The field of Transfusion Medicine has shown tremendous   progress in the past few years worldwide. There is an increasing awareness on the risks of the transfusion transmitted diseases and a growing concern regarding  blood safety. 

Today, it has become the critical responsibility of the blood banking fraternity to adopt methods and processes  that will provide high quality, disease-free safe blood to  patients. 

In this direction, advanced technology has led to the advent of automated blood cell collection and separation, which can provide blood components with consistent high yield & high purity. 

Automation ensures optimal utilization of the available donor resources, thereby increasing the blood center’s inventory through fewer donors and providing tailor-made therapeutic doses of components through programmable protocols. 

Automated Blood cell separation involves the use of equipment, The Blood Cell Separator, which collects an optimal amount of a desired blood component in a short collection time from a single eligible donor.
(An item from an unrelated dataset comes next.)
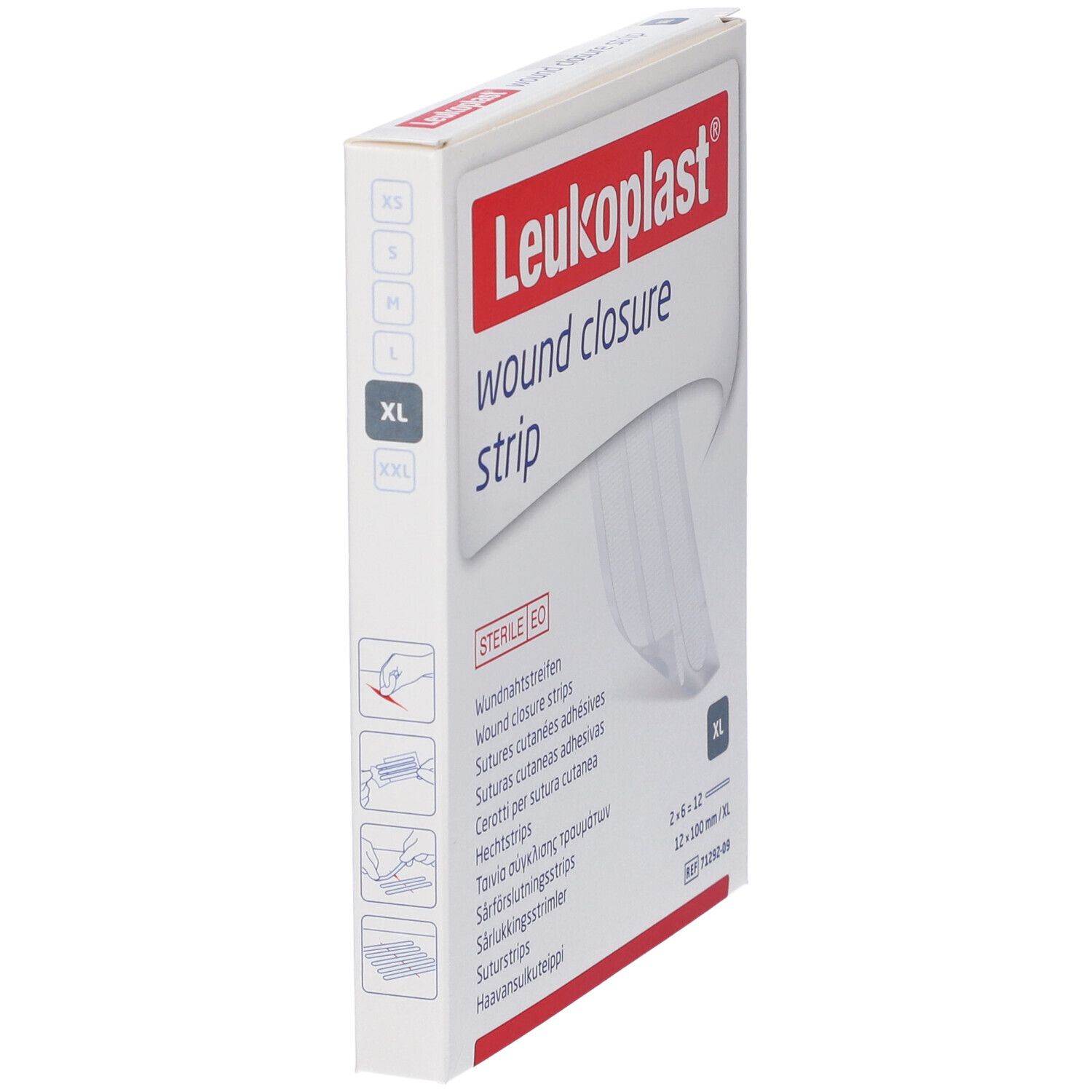 Confezione di strisce per la chiusura di ferite Leukoplast, taglia XL. Vista laterale. Sterile EO. Contiene 2x6 strisce.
Only  the required component is retained in the disposable  set of the machine, returning the remaining blood back  to him. The amount of component to be collected is  programmable depending on the  equirement. The  product collected is of high yield and purity with minimal  leukocyte contamination. This process of selective   component collection is known as APHERESIS. 
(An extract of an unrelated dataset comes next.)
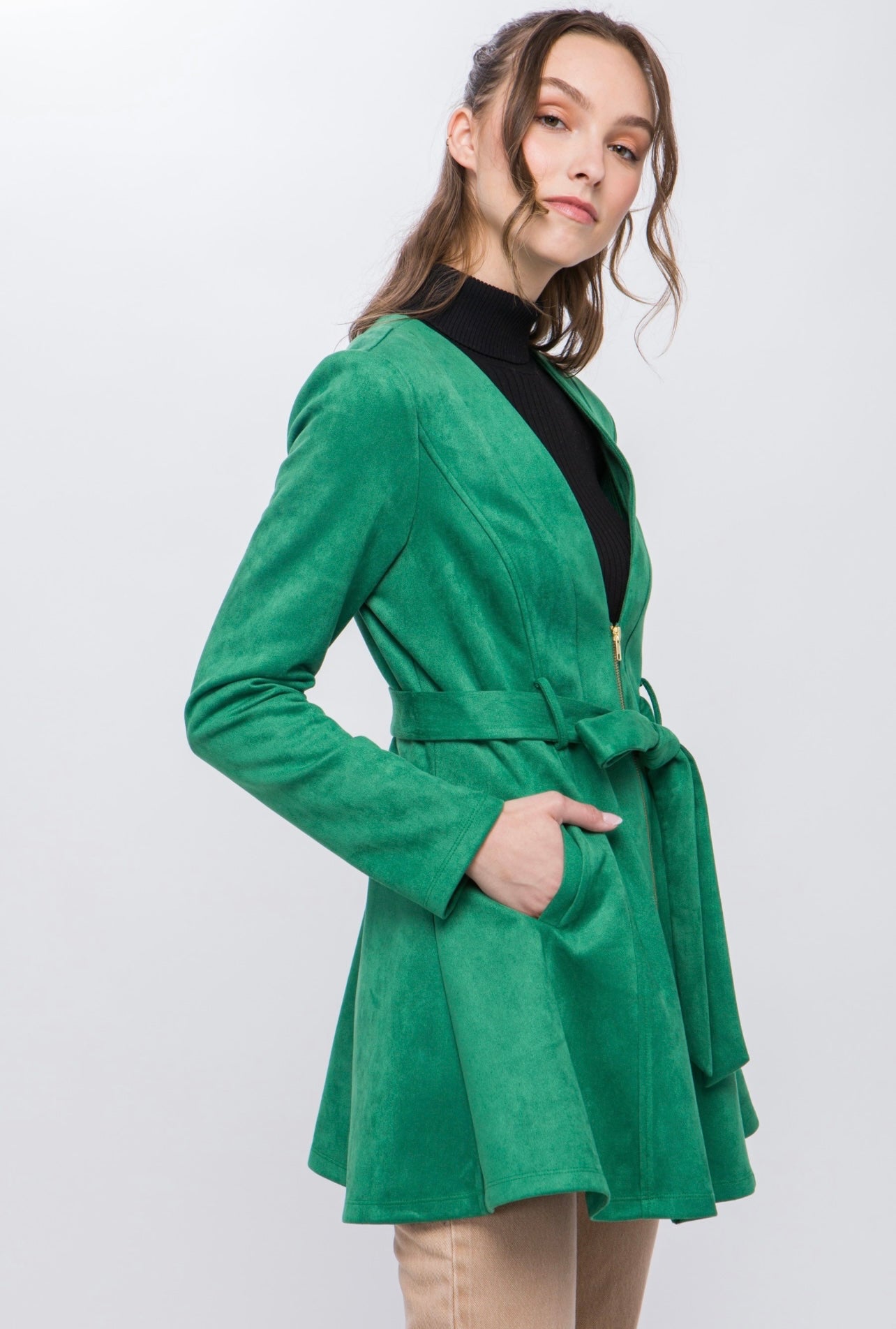 Suede Waist Tie Coat (Green)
Apheresis helps to maximize the utilization of the  available donor resources, since multi-dose and multicomponent  collections can be achieved from a single  donor. As a result, multiple donor exposure as well as the risk of disease transmission is significantly reduced. Besides collecting high dose and high quality components from a donor, apheresis technology is also used for therapeutic removal of diseases or unwanted products from the patient. 

Any of the blood components can be collected using    Apheresis. Thus, various apheresis procedures are in use – Plateletpheresis, Leucopheresis, Plasmapheresis and Erythrocytopheresis.
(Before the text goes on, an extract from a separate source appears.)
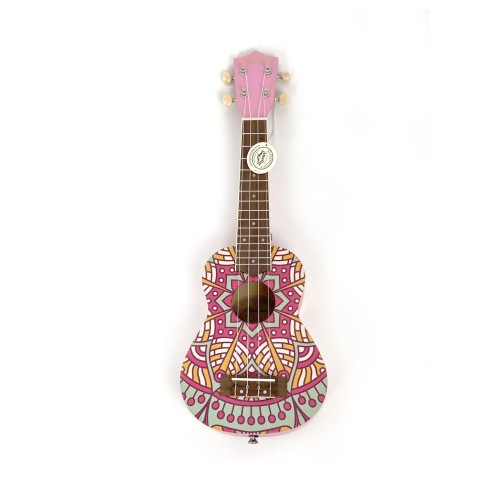 Ukelele de soprano Bamboo Pink Mandala B1E-PM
Collection of Plasma from healthy donors is known  as Plasmapheresis. During this process, a desired volume of cell-free plasma is collected from a donor  with return of all the cellular components. The  collected plasma is free of both platelets and white blood cells, besides the red cells. 

Donor Plasmapheresis is not synonymous to  Therapeutic Plasma Exchange procedure, which involves the therapeutic removal of diseased plasma from patients with simultaneous replacement with normal plasma or comparable fluids. 

Plasmapheresis began way back in 1914, as a manual procedure for therapeutic purpose. Initially it was done manually by removing whole blood in a blood bag. The blood bag was then centrifuged and the supernatant plasma was removed. The remaining cells were reinfused back. This, however, was laborious and had limitations.

It was only the introduction of automated equipments or cell separators that led to a wider acceptance of apheresis technology. 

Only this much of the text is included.